General Qamar Javed Bajwa, Pakistan’s new army chief, was among the dignitaries who visited Khuzdar, a city of 400,000, to proclaim the benefits of China-Pakistan Economic Corridor (CPEC) for southwestern Balochistan Province.

In recent months, there has been considerable debate about exactly how much ordinary residents will benefit from the $57 billion network of energy projects, roads, and a deep-water port linking China with Pakistan’s coast. Critics maintain that Chinese banks and companies will gain the most.

At a seminar in Khuzdar, however, Pakistani officials assured students, officials, and citizens that CPEC would bring prosperity to the country’s largest, least populous, and poverty-plagued province.

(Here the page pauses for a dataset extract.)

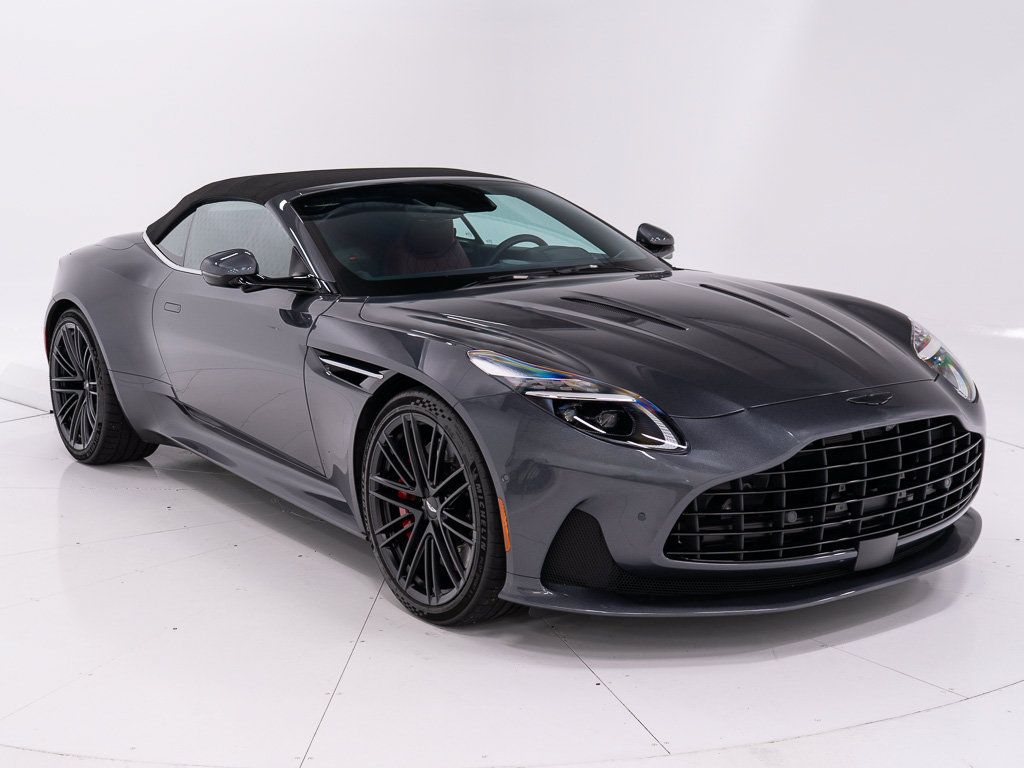 Used 2025 Aston Martin DB12 Convertible RWD image 16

"Balochistan unfortunately had been neglected in the past for a host of reasons, but not anymore," Bajwa told the gathering at Khuzdar's Balochistan University of Engineering and Technology.

Heading the army is one of the most powerful positions in Pakistan, where the military not only controls security but also operates a vast business empire and often dictates key points of foreign policy.

Many students in the audience were skeptical about whether CPEC would benefit the province.

Balochistan has rich reserves of natural gas, copper, and gold, and has long complained that the government takes more than it gives back. A long-running ethnic separatist rebellion has taken this dissatisfaction to another level.​

Pakistan Army Chief General Qamar Javed Bajwa looks on during a seminar on Chinese investment at The Engineering University of Khuzdar on January 5.
Pakistan Army Chief General Qamar Javed Bajwa looks on during a seminar on Chinese investment at The Engineering University of Khuzdar on January 5.

A recent study by the Applied Economics Research Center estimated CPEC would create 700,000 jobs in Pakistan, and a Chinese newspaper recently placed the number at more than 2 million. But in Khuzdar, officials skirted questions about how many CPEC jobs would come to Balochistan.

"I want to know what share Balochistan will get, and what the other provinces will get, and on what basis?" a female student asked during a question-and-answer session.

A national official, Ports and Shipping Minister Hasil Khan Bizenjo, also voiced concern about how much Balochistan will benefit.

"We just want to make sure that under CPEC the same thing does not happen to us as 1952, when gas was found in Balochistan and yet in 2017 there is no gas in Khuzdar," said Bizenjo, leader of a major political party in Balochistan and a speaker at the conference.

Other officials, however, spoke of Khuzdar as a center of trade and industry.

Balochistan Chief Minister Sanaullah Zehri said Khuzdar would be one of 29 Special Economic Zones under CPEC that would "greatly benefit the people of the city."

Although Khuzdar does not connect the provincial capital, Quetta, to the port city of Gwadar, officials highlighted its significance as the province’s second-largest city and a potential transit point between Quetta and Karachi, Pakistan's biggest city and economic hub.

"We believe Khuzdar has the ability to attract a great deal of local and foreign investment," said Anwar Ul-Haq Kakar, a spokesman for the Balochistan government.

The Khuzdar university's vice chancellor, Mohammad Amin, said he hoped CPEC could bring investment and jobs because being located a four hours' drive from Quetta makes it difficult to attract even faculty at the school.

"No one is coming because there is no infrastructure here as yet," Amin said of the university. "We will offer any PhD who accepts a job here a brand-new Toyota Corolla and a 100 percent pay increase."